For TEDxSMU last year, SMU electrical engineering professor Scott Douglas talked about how the next step in digital vocal processing was coming soon: instant vocal perfection, vocal perfection while you sing. Auto-tune is the digital process that allows you to correct any flat notes or weak sustains in a vocal recording. It can also make you sound like a robot singing on helium, as the singer T-Pain has demonstrated to a fare-thee-well (you can do the same with things like GarageBand, of course).
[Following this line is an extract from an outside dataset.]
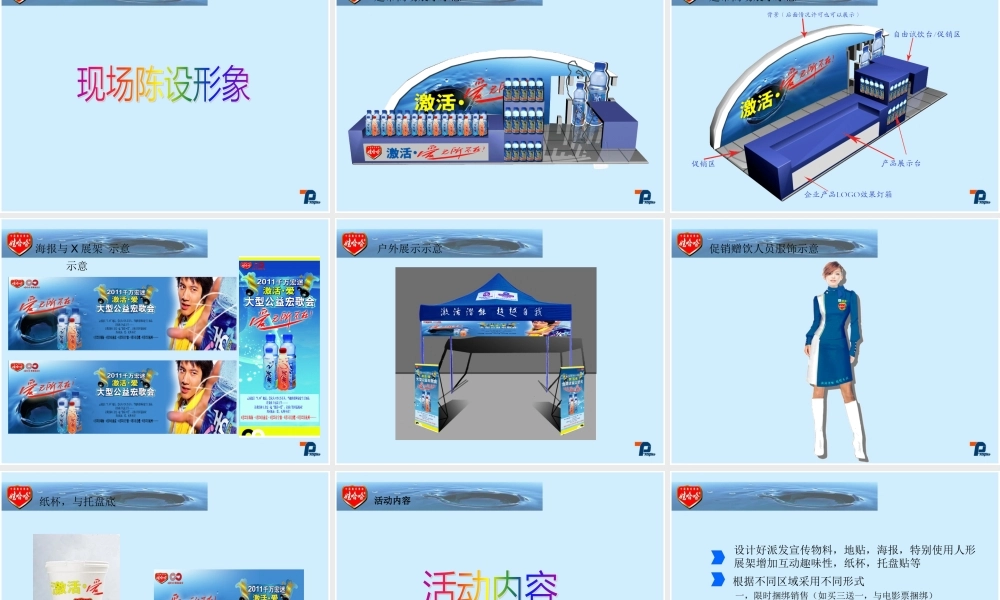 娃哈哈“激活。爱无所不在”策划案2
But Douglas was talking about making that same digital process happen in live concert performances, so that, essentially, singers would no longer have to lip-synch to pre-recordered tracks, they could even harmonize with themselves, and we in the audience could not tell whether a performer had real concert chops or just a good mixer manning the sound deck.
That future is now being sold — for a rather affordable $250. In his tech product column in the NYTimes, David Pogue reviews VoiceLive Play, “a new gadget from the vocal-processing company TC Helicon, offers all of those effects and more — it can even generate phantom backup singers.”
Now, vocal processors aren’t new. But programming most of them seems to require a degree in acoustical engineering, or possibly space shuttle cockpit design. The thought behind the VoiceLive Play is to put spectacular audio features into a box that’s about as difficult to use as elevator buttons.
The big advance, he says, is the automatic three-part harmony.